Deploy a Terraform load balancer on AWS
A load balancer is a critical piece of infrastructure that can serve a variety of purposes, from tying together multiple services to application health checks and providing resiliency. When you deploy a Terraform elastic load balancer, selecting the right type and configuring it effectively will help you maximize the performance of your application.
Whether you're deploying a Terraform load balancer for the first time or optimizing existing infrastructure, understanding the differences between load balancer types and how to configure them correctly will help you build more resilient applications.
What is a load balancer?
A load balancer is a piece of infrastructure that serves as a single point of ingress for traffic, routing traffic to different destinations based on certain criteria. In this way, a load balancer is very similar to a reverse proxy, though unlike its more feature-rich counterpart, it typically omits functionality like security controls or caching, focusing instead on traffic distribution and health monitoring.
In addition to routing traffic to different services, a load balancer can perform HTTP redirects, SSL termination or HTTP to HTTP redirection. In addition, load balancers support the use of health checks on downstream services to ensure that traffic is only routed to healthy hosts.
Application versus network load balancers
AWS provides two different primary kinds of load balancers (ALB and NLB).
It's critical to know the differences between them and when to use each to ensure that you're maximizing the performance of your application.
The most significant difference between ALB and NLB is the network layer they each operate on. NLBs operate on Layer 4 traffic while ALBs operate on Layer 7. Network layer 4 is the transport layer. This layer is responsible for the end-to-end data transmission, which is usually accomplished using the TCP or UDP protocols.
Because the NLB operates at a low level, routing is based on either IP protocol or port number.
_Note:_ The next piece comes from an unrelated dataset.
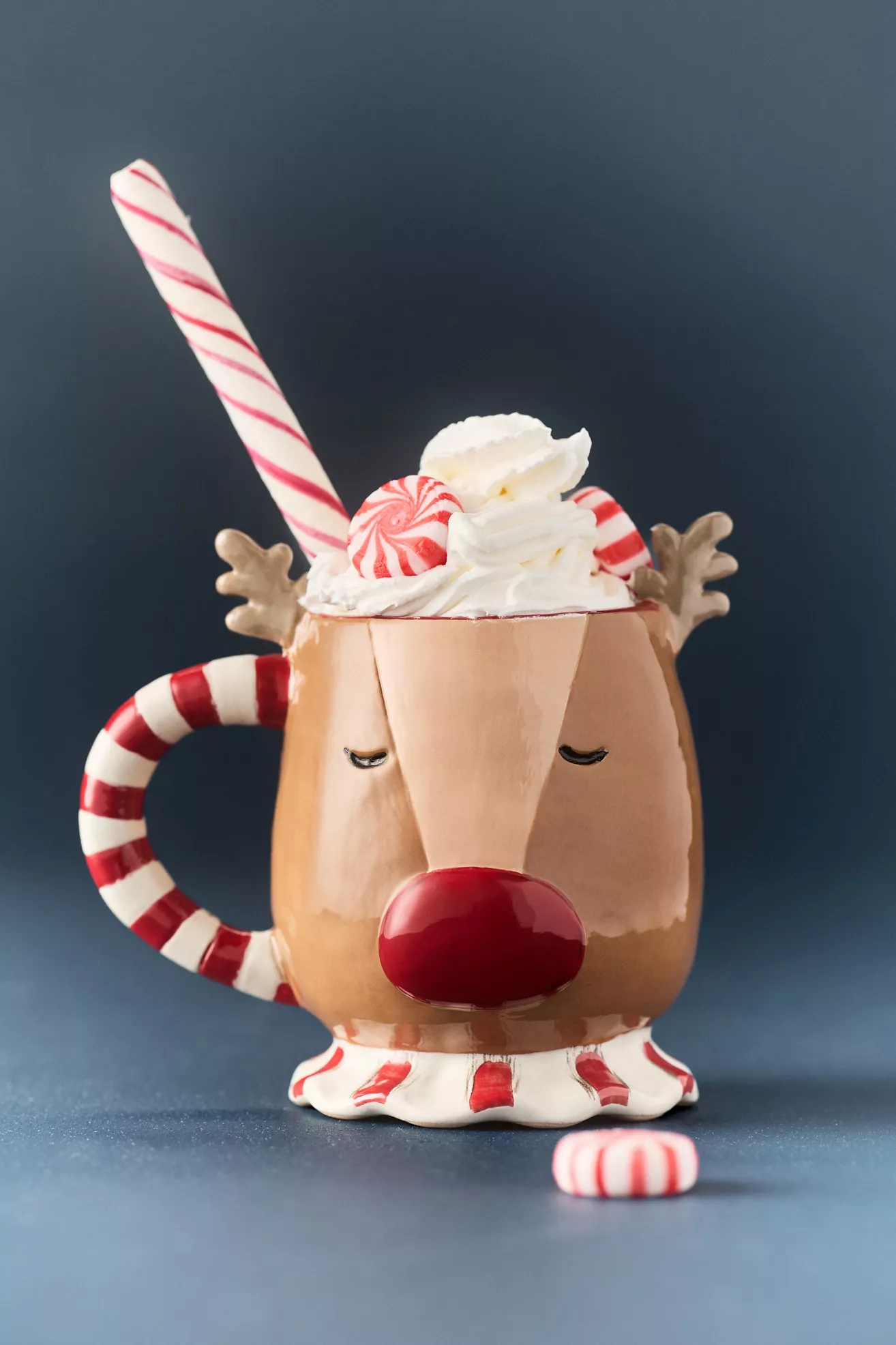 Figural Stoneware Holiday Mug - thumbnail 5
The trade-off (lower-level operation means less flexibility) is that NLBs are extremely performant.
ALBs, on the other hand, operate on layer 7 traffic. Layer 7 is the application layer. AWS ALBs support HTTP, HTTPS, and HTTP/2 protocols.
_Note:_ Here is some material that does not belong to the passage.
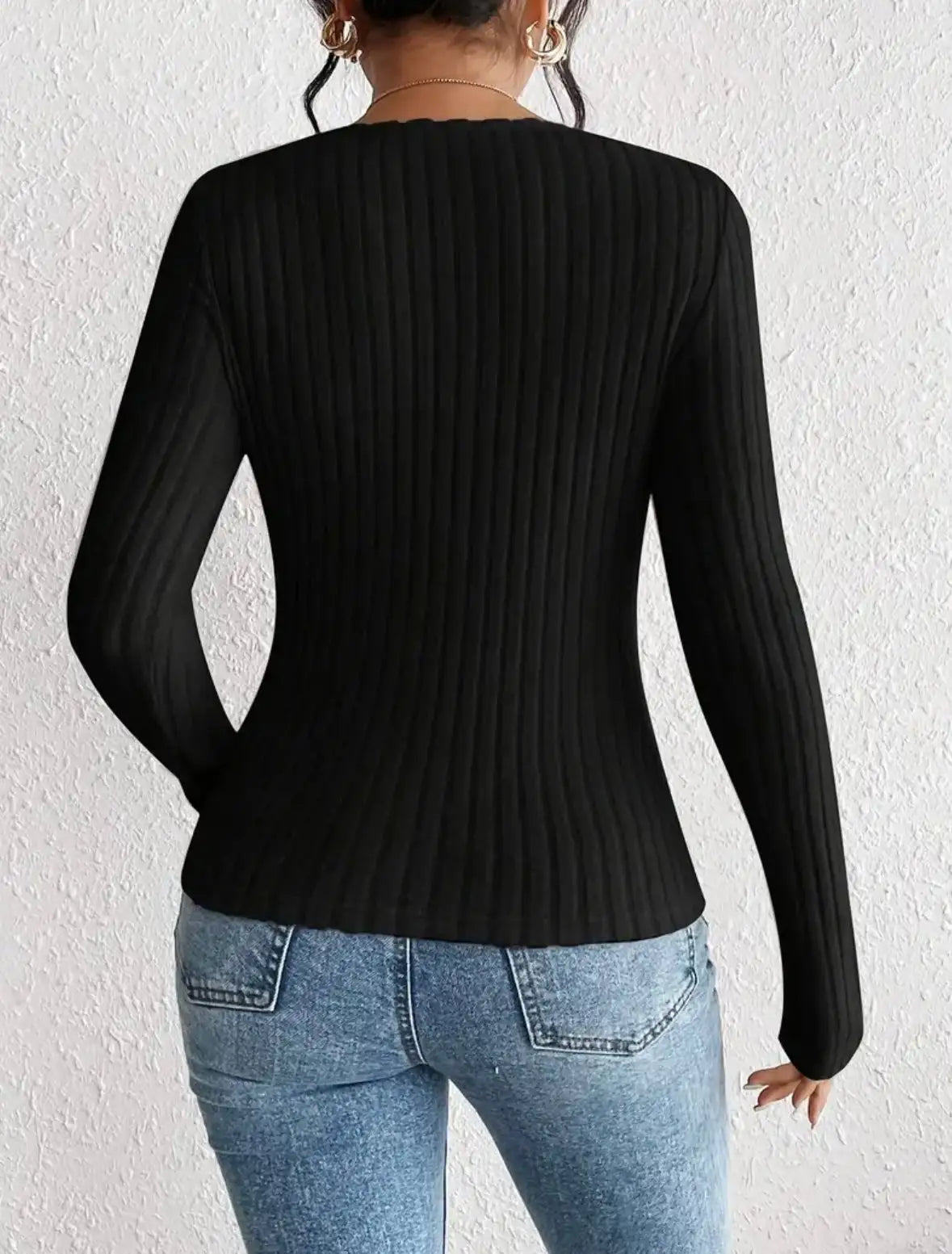 Solid Square Neck Ruched Black Tops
Because it operates at the application layer, the ALB can route traffic based on request content, enabling far more flexible and intelligent routing.
Instead of being confined to things like port number, an ALB can route traffic based on hostname, header, URL path, HTTP method and more. In addition to forwarding traffic to destinations, ALBs can also modify host headers or paths – features usually reserved for more sophisticated reverse proxies.
The following table summarizes the key differences between ALBs and NLBs, so you can determine which load balancer best fits your application requirements:
| Aspect | Application load balancer (ALB) | Network load balancer (NLB) |
|---|---|---|
| Network layer | Layer 7 (Application) | Layer 4 (Transport) |
| Protocols | HTTP, HTTPS, HTTP/2 | TCP, UDP, TLS |
| Routing logic | Path, host, headers, query strings, HTTP methods | IP address and port only |
| Performance | Thousands of requests/sec | Millions of requests/sec, sub-millisecond latency |
| SSL termination | Yes, with ACM integration | Yes, via TLS listener |
| Static IP | No | Yes (Elastic IP supported) |
| Connection type | Terminates and re-establishes | Pass-through |
| Best for | Web apps, APIs, microservices with complex routing | Gaming, streaming, high-performance TCP/UDP, static IP needs |
| Pricing | Higher (LCU-based) | Lower (data processing-based) |
As shown in the comparison, your choice between ALB and NLB typically comes down to whether you need sophisticated HTTP-level routing (favoring ALB) or require maximum performance with minimal latency for TCP/UDP traffic (favoring NLB). Understanding these trade-offs ensures you select the right tool for your specific infrastructure needs.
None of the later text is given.